Many a fly fisher has been disappointed to discover that the fish fighting on the end of his line is not a trout, but a native mountain whitefish (Prosopium williamsoni). As many guides will tell, however, “Whitey” has saved many a troutless day on some of the West’s most famous rivers. One reason for this is that whitefish outnumber trout by 10 to 1 in many waters, and they are eager to take fly.
What’s in a Name?
The belief that whitefish compete with trout for food is widespread, but they generally feed farther down in the water column¬¬—often right on the bottom—and inhabit lower stretches of pools. Young whitefish also provide forage for larger trout, especially browns. It’s important to note that it is the browns that are the nonnative invaders in this situation. In fact, Meriwether Lewis described the mountain whitefish as a “bottle-nosed fish” when he saw it in the upper Missouri drainage in 1805—some 80 years before the first browns came to these shores.
Range and Life History
The original range of the mountain whitefish extends from the headwaters of the McKenzie River in Canada’s Northwest Territories to Green River basin Utah. They also inhabit the drainages of some Pacific coastal rivers of British Columbia, such as the Stikine and Skeena, as well as western Washington State. The confluence of the Missouri and the Yellowstone is the easternmost limit of the range.

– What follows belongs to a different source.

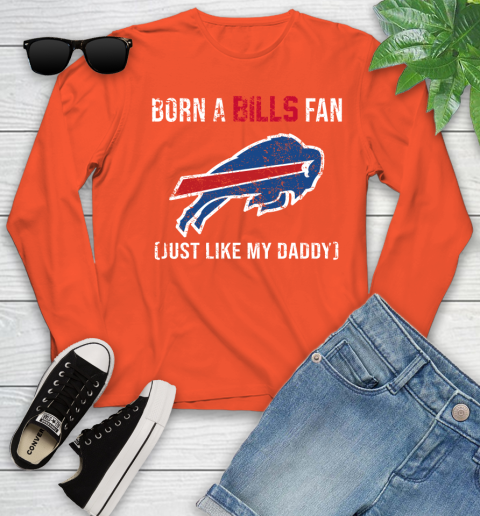 NFL Buffalo Bills Football Loyal Fan Just Like My Daddy Shirt Youth Long Sleeve 3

Whitefish spawn in fall, gathering into huge groups that can cover the streambed in places. They do not dig redds, like trout or salmon; instead the eggs disperse into the gravel substrate. These eggs provide meals for hungry trout. In larger rivers, whitefish sometimes migrate with the seasons to different parts of a river system. The small, downward-turned mouths of whitefish are specialized for vacuuming up zooplankton and other tiny, bottom-dwelling organisms. They do occasionally rise to insects on the surface, especially in slow-water sections of a river.
Mountain whitefish can live up to 18 years, and one specimen caught in Alberta was determined to be 29 years old. In recent years, anglers on Montana’s Madison River have noted a steep decline in whitefish populations, and biologists are at a loss to explain it. One theory identifies whirling disease as the culprit. Because whitefish evolved alongside trout, they are a vital part of the ecosystem of rivers such as the Madison, a recent study was launched to assess the problem.
Tactics and Flies
Mountain whitefish average 12 to 14 inches and rarely grow larger than 20 inches. The all-tackle world record, caught from the Columbia River in 1983, weighed 5 pounds, 2 ounces. Because whitefish are bottom feeders, nymphing is the best way to take them on a fly, and anglers fishing a dry-and-dropper rig for trout usually hook whitefish on the nymph underneath the surface pattern. On larger rivers, such as the Yellowstone, it’s hard to beat a size 12 Prince Nymph, while on smaller water’s you’ll want to go smaller (sizes 14 to 16) with Pheasant Tails, Hare’s Ears, and Copper Johns.